Salı

JONATHAN SAFRAN FOER * AŞIRI GÜRÜLTÜLÜ VE İNANILMAZ YAKIN


11 Eylül felaketi, terör kelimesini ve yarattığı kaosu hep uzaktan izleyen Amerika'nın o kadar da güvende olmadığını dünyaya gösterirken, Amerikan halkında yarattığı şaşkınlık ve korku sanatın farklı dallarını beslemeye ve varolmaya devam ediyor.

"Aşırı Gürültülü ve İnanılmaz Yakın", 11 Eylül felaketinden payına düşen hikayeyi şimdiye kadar izlediğim/okuduğum en acı ve en şaşırtıcı biçimde barındırıyor. Oskar adında kafası yaşıtlarından çok farklı şekillerde çalışan bir çocuğun 11 Eylül'de babasını kaybetmesinin ardından şekilleniyor roman. Babasının çalışma odasındaki vazonun içinde tesadüfen bulduğu bir anahtar ile New York'ta keşif gezilerine başlıyor. Bir yandan anahtarın hangi kapıyı ya da kasayı açtığının merakıyla sonuca ulaşmak isterken, bir yandan da bu araştırmanın onu babasına en yakın hissettiği, belki bitmesini hiç istemeyeceği özel anlar olduğunu görüyoruz.

Ara ara bu küçük çocuğun serüveninden sıyrılıp, Dresden'e, bombardımana, Hiroshima'ya, kayıplara ve acılara başka insanların dilinden şahit oluyoruz. Kitabın diğer 11 Eylül sonrası dram senaryolarından ayrılması da bu sayede gerçekleşiyor. Foer hikaye kurgulama işini ne kadar ustalıkta yaptığını bize noktalar vererek ve hayretler içinde bu noktaların birleşmesini izleterek kanıtlıyor.

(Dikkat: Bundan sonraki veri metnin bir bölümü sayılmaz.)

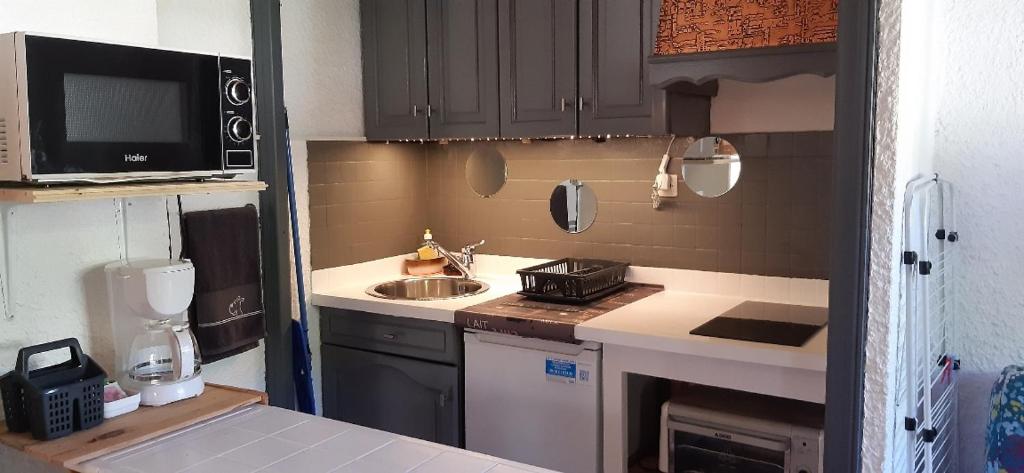 une petite cuisine avec un évier et un micro-ondes dans l'établissement Studio Résidence Val d'Escreins, à Guillestre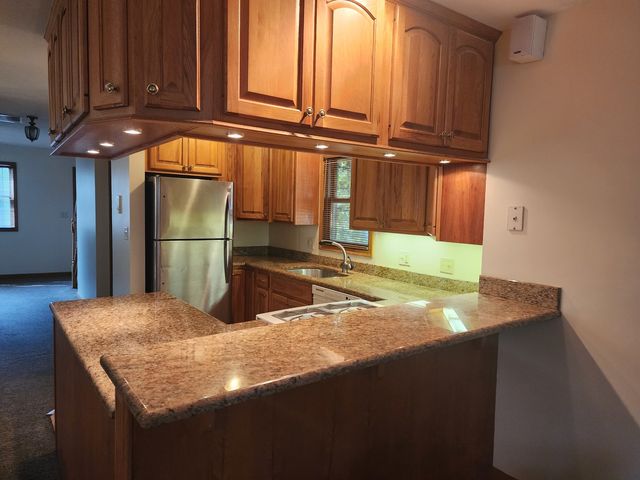 726 W 17th Street 2, Chicago, IL 60616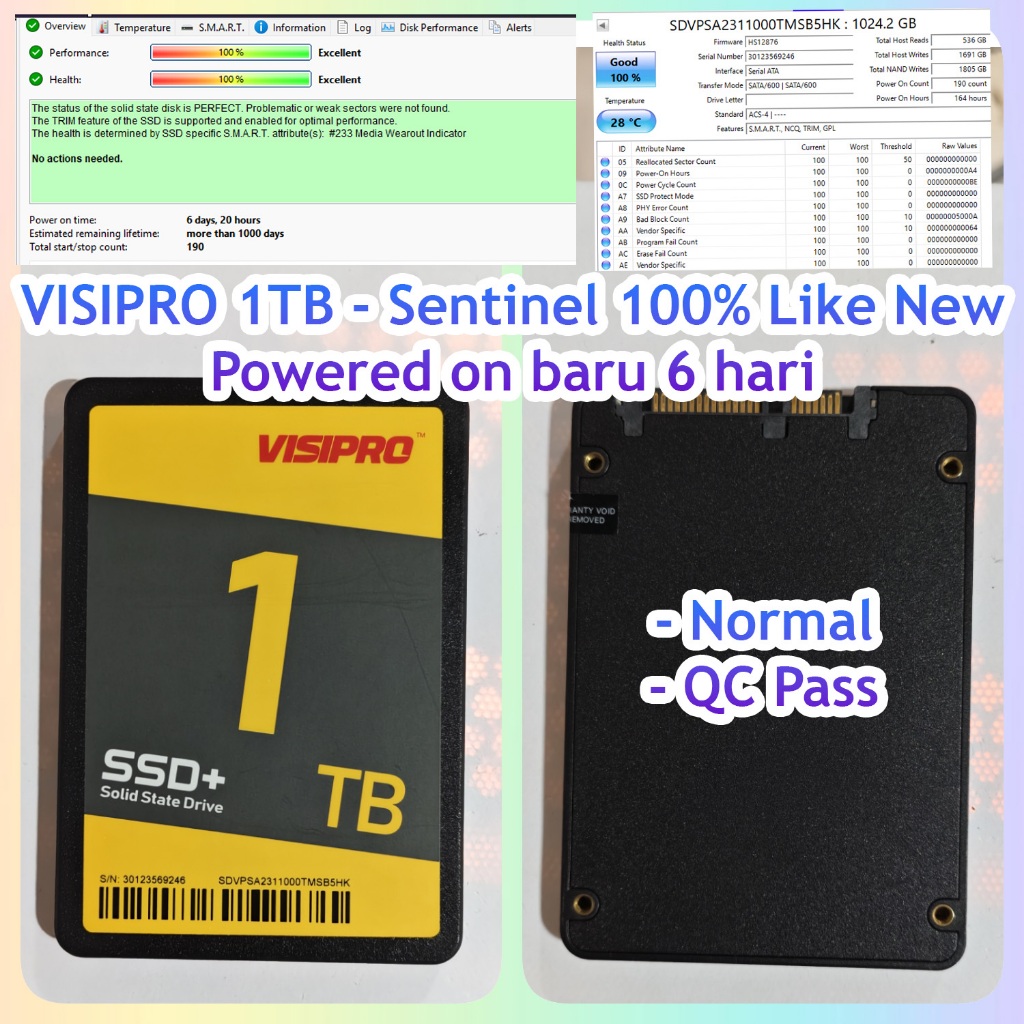 SSD Visipro 1TB Sentinel 100% 1 TB Second Bekas SATA Visi Pro Murah 1000 SSD Bekas Second Seken Copo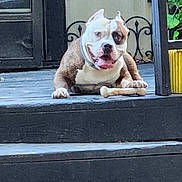 Tank is registered to the contest to win money with this photo: animal, architecture, bostonbull, boxer, building, bulldog, canine, dog, frenchbulldog, house, housing, person, pet, pitbull, plant, porch, pottedplant, puppy, staircase, whitedog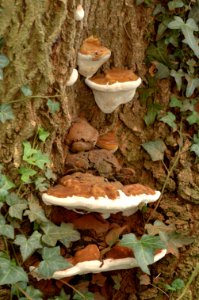 20050814-001-fungus photo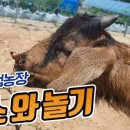 염돌이농장 이미지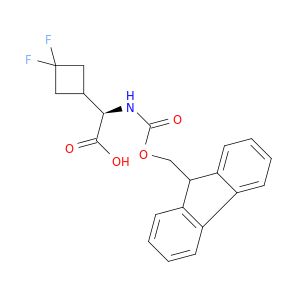 BM55540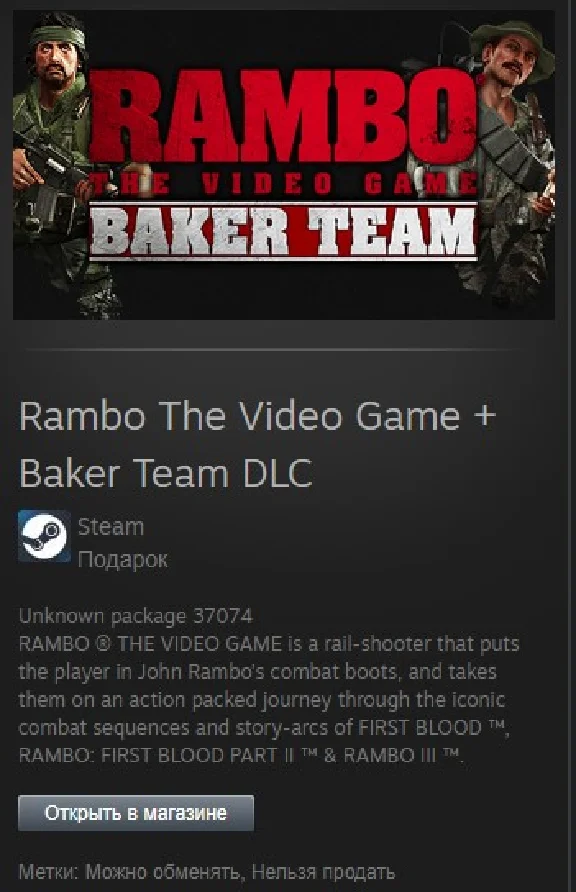 Rambo The Video Game + Baker Team DLC STEAM Gift GLOBAL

Okurken, hikaye geliştikçe şaşırmamak elde değil. Farklı geçmişleriyle, bakış açılarıyla onlarca insanın hikayesine boğaz düğümlenmeden kayıtsız kalıp bir sonraki sayfaya geçmek elde değil. Okumamış olanlara şiddetle tavsiye edebileceğim gibi, elinize yapışacağını, bırakamayacağınızı da garanti ediyorum.